- Exercise requirements
In full and without alteration, write out the lines below.

--- Input records ---

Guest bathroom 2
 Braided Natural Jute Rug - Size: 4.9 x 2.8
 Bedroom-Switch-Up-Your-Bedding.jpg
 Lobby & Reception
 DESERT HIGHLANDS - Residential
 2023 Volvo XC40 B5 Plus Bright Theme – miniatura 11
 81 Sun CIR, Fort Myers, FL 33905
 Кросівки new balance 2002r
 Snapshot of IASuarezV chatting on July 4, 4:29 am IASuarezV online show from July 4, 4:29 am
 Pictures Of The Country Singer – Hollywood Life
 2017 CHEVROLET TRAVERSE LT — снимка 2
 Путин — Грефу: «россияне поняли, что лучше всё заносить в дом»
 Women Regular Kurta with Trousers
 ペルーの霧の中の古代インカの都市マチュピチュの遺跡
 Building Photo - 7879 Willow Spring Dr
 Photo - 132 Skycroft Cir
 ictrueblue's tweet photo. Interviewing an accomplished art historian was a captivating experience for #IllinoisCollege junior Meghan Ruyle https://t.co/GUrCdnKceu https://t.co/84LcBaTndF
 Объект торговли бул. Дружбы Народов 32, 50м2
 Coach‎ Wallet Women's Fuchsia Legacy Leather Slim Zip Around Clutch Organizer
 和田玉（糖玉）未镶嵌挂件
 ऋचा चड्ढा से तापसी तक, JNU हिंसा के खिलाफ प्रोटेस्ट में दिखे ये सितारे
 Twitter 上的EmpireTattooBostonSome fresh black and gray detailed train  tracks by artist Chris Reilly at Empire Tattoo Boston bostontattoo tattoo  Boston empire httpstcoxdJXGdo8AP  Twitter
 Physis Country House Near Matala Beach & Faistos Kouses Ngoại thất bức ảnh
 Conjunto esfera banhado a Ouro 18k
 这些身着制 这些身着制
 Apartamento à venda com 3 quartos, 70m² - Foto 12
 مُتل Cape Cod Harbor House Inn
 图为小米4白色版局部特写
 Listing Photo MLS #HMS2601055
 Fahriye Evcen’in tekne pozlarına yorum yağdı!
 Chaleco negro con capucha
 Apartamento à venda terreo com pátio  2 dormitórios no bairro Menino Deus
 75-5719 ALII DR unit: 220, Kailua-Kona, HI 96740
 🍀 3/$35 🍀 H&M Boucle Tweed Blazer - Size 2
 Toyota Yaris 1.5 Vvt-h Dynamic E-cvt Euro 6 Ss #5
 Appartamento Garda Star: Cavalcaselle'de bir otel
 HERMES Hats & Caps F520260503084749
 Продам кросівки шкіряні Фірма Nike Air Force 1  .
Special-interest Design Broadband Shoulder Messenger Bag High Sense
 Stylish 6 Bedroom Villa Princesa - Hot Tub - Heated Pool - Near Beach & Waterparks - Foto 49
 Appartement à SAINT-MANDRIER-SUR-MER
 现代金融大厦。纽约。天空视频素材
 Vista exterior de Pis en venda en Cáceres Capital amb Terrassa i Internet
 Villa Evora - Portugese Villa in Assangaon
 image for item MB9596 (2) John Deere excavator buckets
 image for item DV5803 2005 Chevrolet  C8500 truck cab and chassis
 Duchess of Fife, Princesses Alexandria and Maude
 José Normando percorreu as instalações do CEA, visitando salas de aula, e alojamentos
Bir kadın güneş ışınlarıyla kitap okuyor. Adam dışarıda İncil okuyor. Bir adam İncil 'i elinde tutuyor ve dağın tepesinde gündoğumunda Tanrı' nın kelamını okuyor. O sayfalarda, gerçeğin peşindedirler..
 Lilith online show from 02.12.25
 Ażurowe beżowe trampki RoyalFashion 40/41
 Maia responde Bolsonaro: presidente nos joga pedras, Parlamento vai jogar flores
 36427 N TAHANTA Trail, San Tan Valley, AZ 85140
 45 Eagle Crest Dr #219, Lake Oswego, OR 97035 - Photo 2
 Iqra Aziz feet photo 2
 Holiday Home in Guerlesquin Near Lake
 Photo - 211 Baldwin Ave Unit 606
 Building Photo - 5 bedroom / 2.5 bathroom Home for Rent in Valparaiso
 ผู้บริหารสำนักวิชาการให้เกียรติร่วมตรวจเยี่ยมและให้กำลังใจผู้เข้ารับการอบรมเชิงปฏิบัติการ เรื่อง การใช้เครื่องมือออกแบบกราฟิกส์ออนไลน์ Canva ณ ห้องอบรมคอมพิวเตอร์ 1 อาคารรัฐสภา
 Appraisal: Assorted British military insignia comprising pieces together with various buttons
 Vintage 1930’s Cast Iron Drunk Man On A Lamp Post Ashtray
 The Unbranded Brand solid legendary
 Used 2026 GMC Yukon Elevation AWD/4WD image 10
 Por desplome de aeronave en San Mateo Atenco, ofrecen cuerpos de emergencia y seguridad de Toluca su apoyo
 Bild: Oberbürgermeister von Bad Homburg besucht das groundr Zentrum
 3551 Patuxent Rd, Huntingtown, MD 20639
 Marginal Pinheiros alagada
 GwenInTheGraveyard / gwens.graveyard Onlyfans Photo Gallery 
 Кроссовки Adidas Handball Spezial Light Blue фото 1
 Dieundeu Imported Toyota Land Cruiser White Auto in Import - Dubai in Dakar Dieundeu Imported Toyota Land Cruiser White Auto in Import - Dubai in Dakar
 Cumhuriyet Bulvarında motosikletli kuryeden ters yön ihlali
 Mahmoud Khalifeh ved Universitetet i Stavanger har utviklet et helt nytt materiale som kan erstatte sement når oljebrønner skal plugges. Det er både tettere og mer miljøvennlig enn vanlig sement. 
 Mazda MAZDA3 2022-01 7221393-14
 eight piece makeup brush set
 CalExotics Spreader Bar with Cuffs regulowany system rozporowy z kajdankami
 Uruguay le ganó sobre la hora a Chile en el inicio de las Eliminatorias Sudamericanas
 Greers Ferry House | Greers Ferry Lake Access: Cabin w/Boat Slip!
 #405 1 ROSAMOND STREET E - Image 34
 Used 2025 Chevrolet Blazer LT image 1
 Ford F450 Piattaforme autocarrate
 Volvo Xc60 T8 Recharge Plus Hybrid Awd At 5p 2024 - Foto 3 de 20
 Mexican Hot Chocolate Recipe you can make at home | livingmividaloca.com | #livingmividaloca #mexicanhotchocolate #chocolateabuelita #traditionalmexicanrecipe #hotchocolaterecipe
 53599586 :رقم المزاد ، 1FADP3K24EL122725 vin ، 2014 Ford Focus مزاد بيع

---

- Output of the exercise
Guest bathroom 2
 Braided Natural Jute Rug - Size: 4.9 x 2.8
 Bedroom-Switch-Up-Your-Bedding.jpg
 Lobby & Reception
 DESERT HIGHLANDS - Residential
 2023 Volvo XC40 B5 Plus Bright Theme – miniatura 11
 81 Sun CIR, Fort Myers, FL 33905
 Кросівки new balance 2002r
 Snapshot of IASuarezV chatting on July 4, 4:29 am IASuarezV online show from July 4, 4:29 am
 Pictures Of The Country Singer – Hollywood Life
 2017 CHEVROLET TRAVERSE LT — снимка 2
 Путин — Грефу: «россияне поняли, что лучше всё заносить в дом»
 Women Regular Kurta with Trousers
 ペルーの霧の中の古代インカの都市マチュピチュの遺跡
 Building Photo - 7879 Willow Spring Dr
 Photo - 132 Skycroft Cir
 ictrueblue's tweet photo. Interviewing an accomplished art historian was a captivating experience for #IllinoisCollege junior Meghan Ruyle https://t.co/GUrCdnKceu https://t.co/84LcBaTndF
 Объект торговли бул. Дружбы Народов 32, 50м2
 Coach‎ Wallet Women's Fuchsia Legacy Leather Slim Zip Around Clutch Organizer
 和田玉（糖玉）未镶嵌挂件
 ऋचा चड्ढा से तापसी तक, JNU हिंसा के खिलाफ प्रोटेस्ट में दिखे ये सितारे
 Twitter 上的EmpireTattooBostonSome fresh black and gray detailed train  tracks by artist Chris Reilly at Empire Tattoo Boston bostontattoo tattoo  Boston empire httpstcoxdJXGdo8AP  Twitter
 Physis Country House Near Matala Beach & Faistos Kouses Ngoại thất bức ảnh
 Conjunto esfera banhado a Ouro 18k
 这些身着制 这些身着制
 Apartamento à venda com 3 quartos, 70m² - Foto 12
 مُتل Cape Cod Harbor House Inn
 图为小米4白色版局部特写
 Listing Photo MLS #HMS2601055
 Fahriye Evcen’in tekne pozlarına yorum yağdı!
 Chaleco negro con capucha
 Apartamento à venda terreo com pátio  2 dormitórios no bairro Menino Deus
 75-5719 ALII DR unit: 220, Kailua-Kona, HI 96740
 🍀 3/$35 🍀 H&M Boucle Tweed Blazer - Size 2
 Toyota Yaris 1.5 Vvt-h Dynamic E-cvt Euro 6 Ss #5
 Appartamento Garda Star: Cavalcaselle'de bir otel
 HERMES Hats & Caps F520260503084749
 Продам кросівки шкіряні Фірма Nike Air Force 1  .
Special-interest Design Broadband Shoulder Messenger Bag High Sense
 Stylish 6 Bedroom Villa Princesa - Hot Tub - Heated Pool - Near Beach & Waterparks - Foto 49
 Appartement à SAINT-MANDRIER-SUR-MER
 现代金融大厦。纽约。天空视频素材
 Vista exterior de Pis en venda en Cáceres Capital amb Terrassa i Internet
 Villa Evora - Portugese Villa in Assangaon
 image for item MB9596 (2) John Deere excavator buckets
 image for item DV5803 2005 Chevrolet  C8500 truck cab and chassis
 Duchess of Fife, Princesses Alexandria and Maude
 José Normando percorreu as instalações do CEA, visitando salas de aula, e alojamentos
Bir kadın güneş ışınlarıyla kitap okuyor. Adam dışarıda İncil okuyor. Bir adam İncil 'i elinde tutuyor ve dağın tepesinde gündoğumunda Tanrı' nın kelamını okuyor. O sayfalarda, gerçeğin peşindedirler..
 Lilith online show from 02.12.25
 Ażurowe beżowe trampki RoyalFashion 40/41
 Maia responde Bolsonaro: presidente nos joga pedras, Parlamento vai jogar flores
 36427 N TAHANTA Trail, San Tan Valley, AZ 85140
 45 Eagle Crest Dr #219, Lake Oswego, OR 97035 - Photo 2
 Iqra Aziz feet photo 2
 Holiday Home in Guerlesquin Near Lake
 Photo - 211 Baldwin Ave Unit 606
 Building Photo - 5 bedroom / 2.5 bathroom Home for Rent in Valparaiso
 ผู้บริหารสำนักวิชาการให้เกียรติร่วมตรวจเยี่ยมและให้กำลังใจผู้เข้ารับการอบรมเชิงปฏิบัติการ เรื่อง การใช้เครื่องมือออกแบบกราฟิกส์ออนไลน์ Canva ณ ห้องอบรมคอมพิวเตอร์ 1 อาคารรัฐสภา
 Appraisal: Assorted British military insignia comprising pieces together with various buttons
 Vintage 1930’s Cast Iron Drunk Man On A Lamp Post Ashtray
 The Unbranded Brand solid legendary
 Used 2026 GMC Yukon Elevation AWD/4WD image 10
 Por desplome de aeronave en San Mateo Atenco, ofrecen cuerpos de emergencia y seguridad de Toluca su apoyo
 Bild: Oberbürgermeister von Bad Homburg besucht das groundr Zentrum
 3551 Patuxent Rd, Huntingtown, MD 20639
 Marginal Pinheiros alagada
 GwenInTheGraveyard / gwens.graveyard Onlyfans Photo Gallery 
 Кроссовки Adidas Handball Spezial Light Blue фото 1
 Dieundeu Imported Toyota Land Cruiser White Auto in Import - Dubai in Dakar Dieundeu Imported Toyota Land Cruiser White Auto in Import - Dubai in Dakar
 Cumhuriyet Bulvarında motosikletli kuryeden ters yön ihlali
 Mahmoud Khalifeh ved Universitetet i Stavanger har utviklet et helt nytt materiale som kan erstatte sement når oljebrønner skal plugges. Det er både tettere og mer miljøvennlig enn vanlig sement. 
 Mazda MAZDA3 2022-01 7221393-14
 eight piece makeup brush set
 CalExotics Spreader Bar with Cuffs regulowany system rozporowy z kajdankami
 Uruguay le ganó sobre la hora a Chile en el inicio de las Eliminatorias Sudamericanas
 Greers Ferry House | Greers Ferry Lake Access: Cabin w/Boat Slip!
 #405 1 ROSAMOND STREET E - Image 34
 Used 2025 Chevrolet Blazer LT image 1
 Ford F450 Piattaforme autocarrate
 Volvo Xc60 T8 Recharge Plus Hybrid Awd At 5p 2024 - Foto 3 de 20
 Mexican Hot Chocolate Recipe you can make at home | livingmividaloca.com | #livingmividaloca #mexicanhotchocolate #chocolateabuelita #traditionalmexicanrecipe #hotchocolaterecipe
 53599586 :رقم المزاد ، 1FADP3K24EL122725 vin ، 2014 Ford Focus مزاد بيع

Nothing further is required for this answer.